Since embarking on Geniocity.com two years ago, I’ve had my three most important teammates walk away from their commitments to my company at critical moments. I’ve also had two creative partners in an important, long-term, artistic effort drop it flat, had a significant vendor break his verbal commitment at the last minute and discovered that several friends who promised help or involvement were never going to follow through. None of them were my employees – they were creative collaborators and fellow entrepreneurs. Equals.
I made every effort I could think of to give each of them space, encouragement, understanding, time, to assure them of my commitment to them and our mutual success and of my willingness to adjust to their current circumstances.
It made no difference. Most of them, I’ve basically never heard from again. Two communicate once in a while, but the working relationships I had with them have died.
I guess the obvious thing to assume here is that something’s wrong with me.
And I’ve tried to figure out what. In nearly every case, these were people I cared about deeply. We’d either started as friends or become that way after working together and shared similar missions, tastes, senses of humor. I enjoyed their company and they seemed to enjoy mine.
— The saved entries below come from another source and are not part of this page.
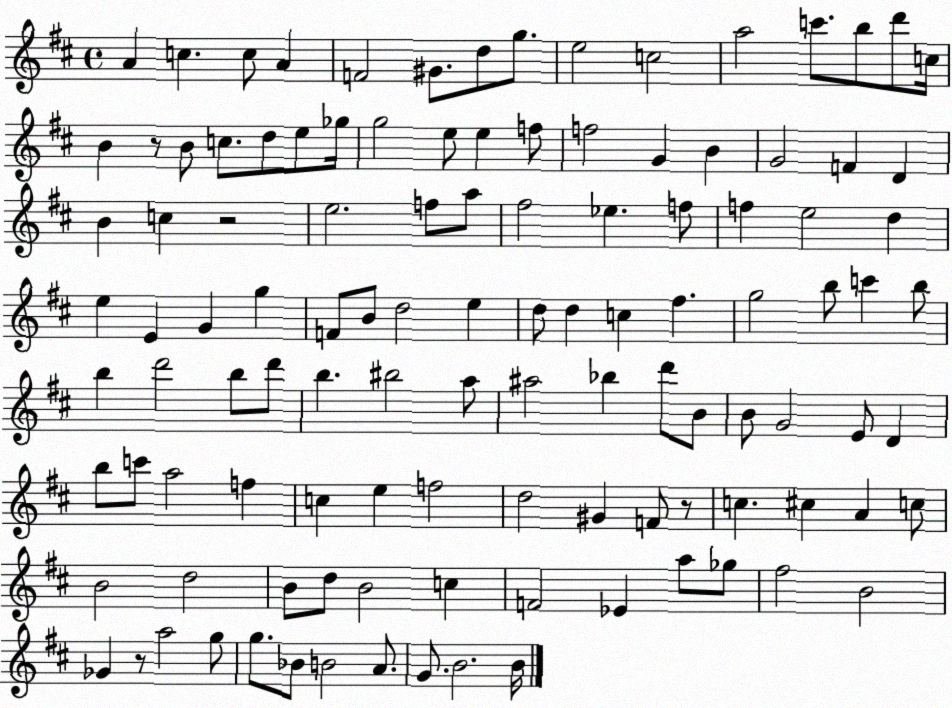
X:1
T:Untitled
M:4/4
L:1/4
K:D
A c c/2 A F2 ^G/2 d/2 g/2 e2 c2 a2 c'/2 b/2 d'/2 c/4 B z/2 B/2 c/2 d/2 e/2 _g/4 g2 e/2 e f/2 f2 G B G2 F D B c z2 e2 f/2 a/2 ^f2 _e f/2 f e2 d e E G g F/2 B/2 d2 e d/2 d c ^f g2 b/2 c' b/2 b d'2 b/2 d'/2 b ^b2 a/2 ^a2 _b d'/2 B/2 B/2 G2 E/2 D b/2 c'/2 a2 f c e f2 d2 ^G F/2 z/2 c ^c A c/2 B2 d2 B/2 d/2 B2 c F2 _E a/2 _g/2 ^f2 B2 _G z/2 a2 g/2 g/2 _B/2 B2 A/2 G/2 B2 B/4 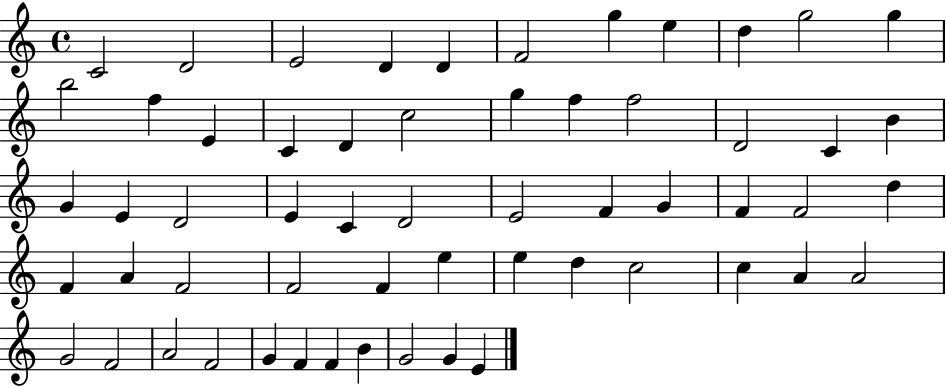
C4/h D4/h E4/h D4/q D4/q F4/h G5/q E5/q D5/q G5/h G5/q B5/h F5/q E4/q C4/q D4/q C5/h G5/q F5/q F5/h D4/h C4/q B4/q G4/q E4/q D4/h E4/q C4/q D4/h E4/h F4/q G4/q F4/q F4/h D5/q F4/q A4/q F4/h F4/h F4/q E5/q E5/q D5/q C5/h C5/q A4/q A4/h G4/h F4/h A4/h F4/h G4/q F4/q F4/q B4/q G4/h G4/q E4/q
I thanked them, praised them, stood by them, apologized for any inconvenience I thought I caused them, asked about their health, listened to their many troubles, helped as much as I could, cut them slack, bought them coffee and worked furiously to make our mutual dreams come true. They gave every appearance of sharing my devotion to our projects and of liking to work with me.
Right up until they bailed out.
Those who gave reasons all had different ones – financial stress, an ill family member, pressing business of other kinds, depression, legal troubles. All legit, I guess. But the fact remains that when the start-up and artistic processes got tough, when obstacles arose, they quit.
That staggered me. I’ve had to pick up the responsibilities they dropped and try to carry them all myself . But what hurts most is not that they ignored their promises – even their contractual obligations, in some cases - but that they dumped our friendship along with our collaboration. Starting a business was supposed to be fun. I was going to work with some of the people I liked best in the world on something we really cared about.
Instead, I find myself on my own, grimmer and more determined than ever to make this business succeed, to give my artistic projects life and to resist distrusting others and my own judgment. None of it’s easy.
Was I naive? Am I wrongheaded, inept, offensive? Is my idea bad? Am I a poor judge of character? Simply unlucky?
I don’t know. Another longtime friend sent me a message last night, saying he might not be able to follow through on his part of our multiyear project that’s finally nearing completion. I hope I won’t have to hear that someone else I’ve loved and counted on will solve his problems by letting me down.